Dataset records
━━━━

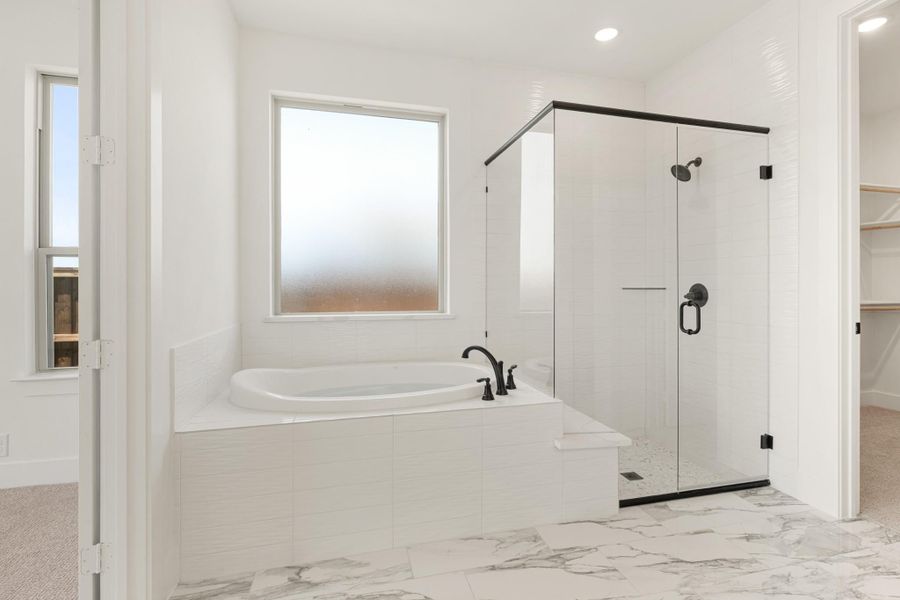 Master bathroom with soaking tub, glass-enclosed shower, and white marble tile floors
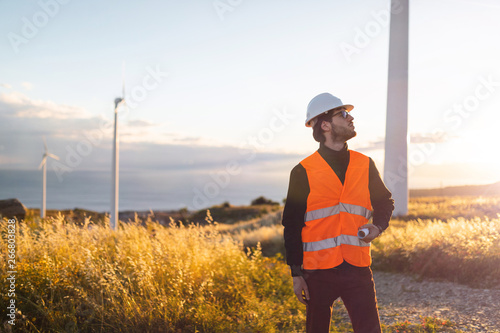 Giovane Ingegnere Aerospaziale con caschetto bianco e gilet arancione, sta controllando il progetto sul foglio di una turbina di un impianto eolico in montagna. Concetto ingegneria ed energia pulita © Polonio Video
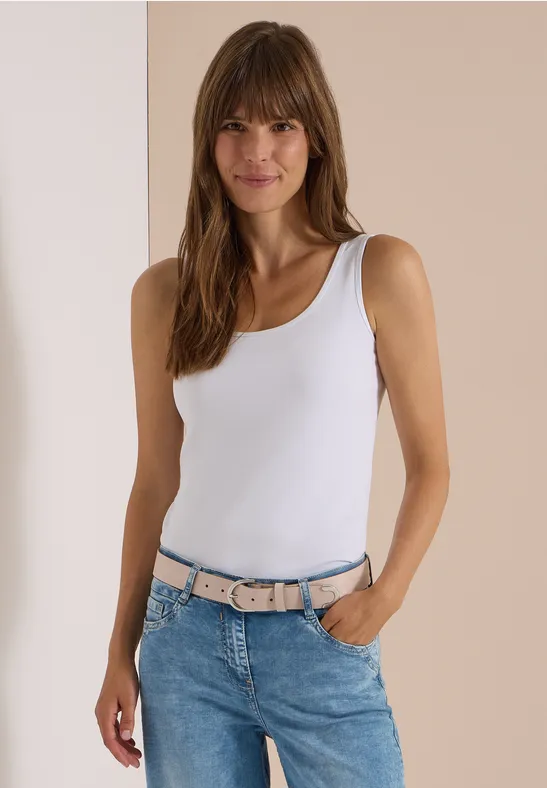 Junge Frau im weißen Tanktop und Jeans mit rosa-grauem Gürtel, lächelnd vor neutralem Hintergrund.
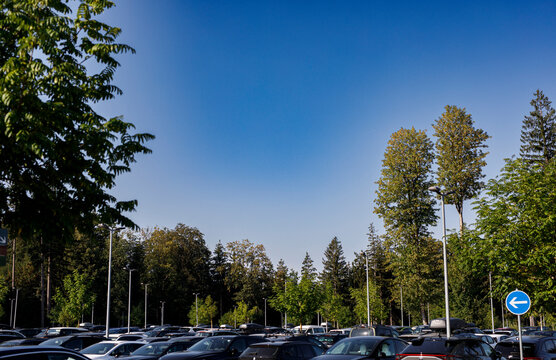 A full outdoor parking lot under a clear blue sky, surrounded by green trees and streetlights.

━━━━

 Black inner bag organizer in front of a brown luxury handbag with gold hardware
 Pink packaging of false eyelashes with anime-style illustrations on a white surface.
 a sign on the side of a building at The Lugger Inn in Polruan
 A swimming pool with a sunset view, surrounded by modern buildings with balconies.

━━━━

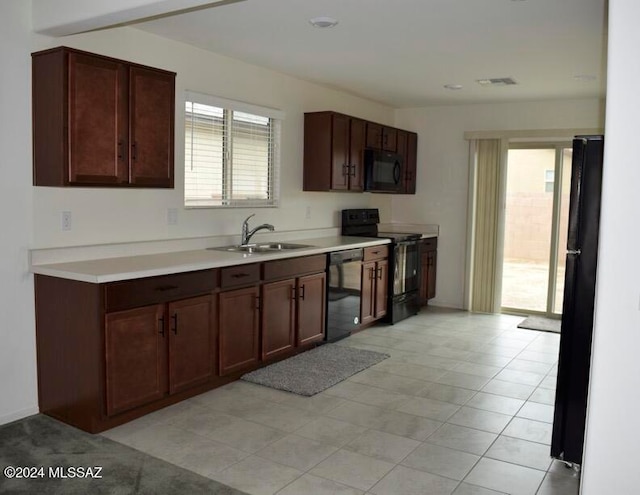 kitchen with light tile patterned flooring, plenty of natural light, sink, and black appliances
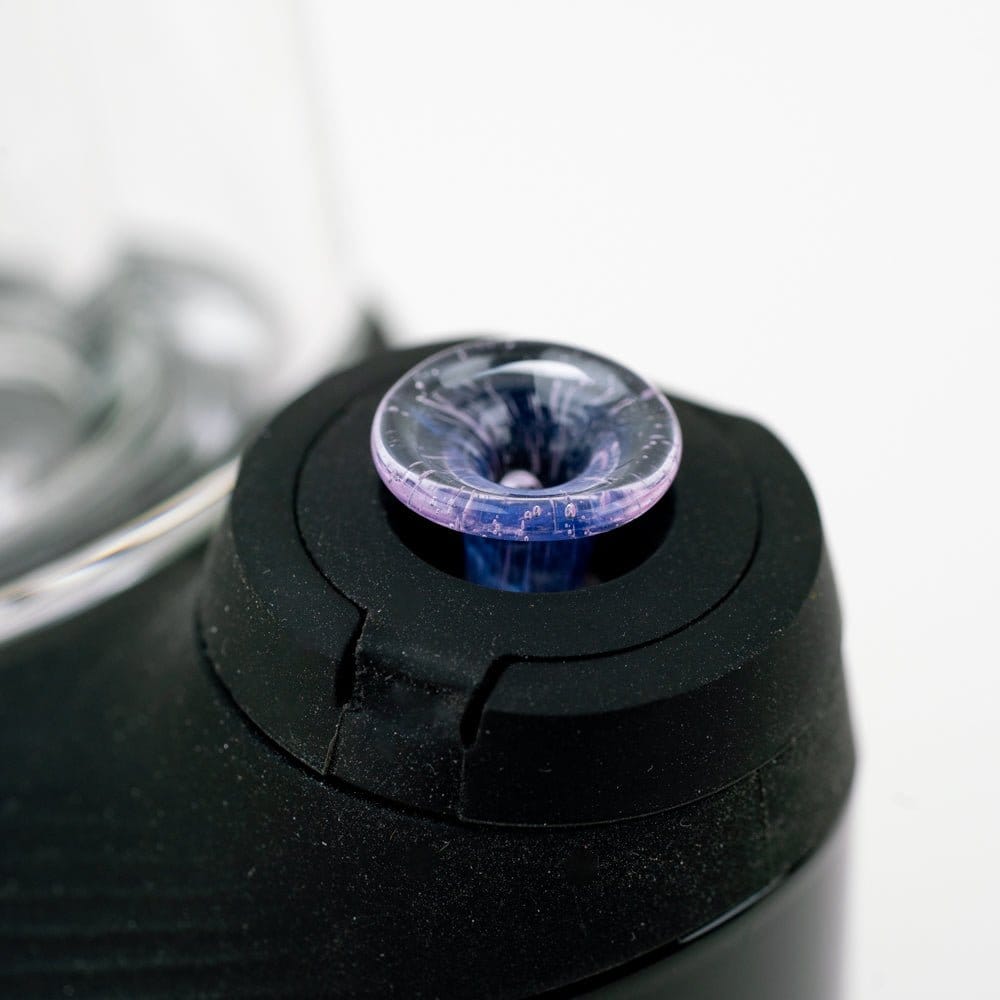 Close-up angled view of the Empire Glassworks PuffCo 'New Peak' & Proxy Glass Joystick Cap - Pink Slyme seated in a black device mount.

━━━━

Task
In the data above, retype only the stretch from the line with "Junge Frau im" through the line with "A full outdoor", word for word, and skip any pictures.

Written response
 Junge Frau im weißen Tanktop und Jeans mit rosa-grauem Gürtel, lächelnd vor neutralem Hintergrund.
 A full outdoor parking lot under a clear blue sky, surrounded by green trees and streetlights.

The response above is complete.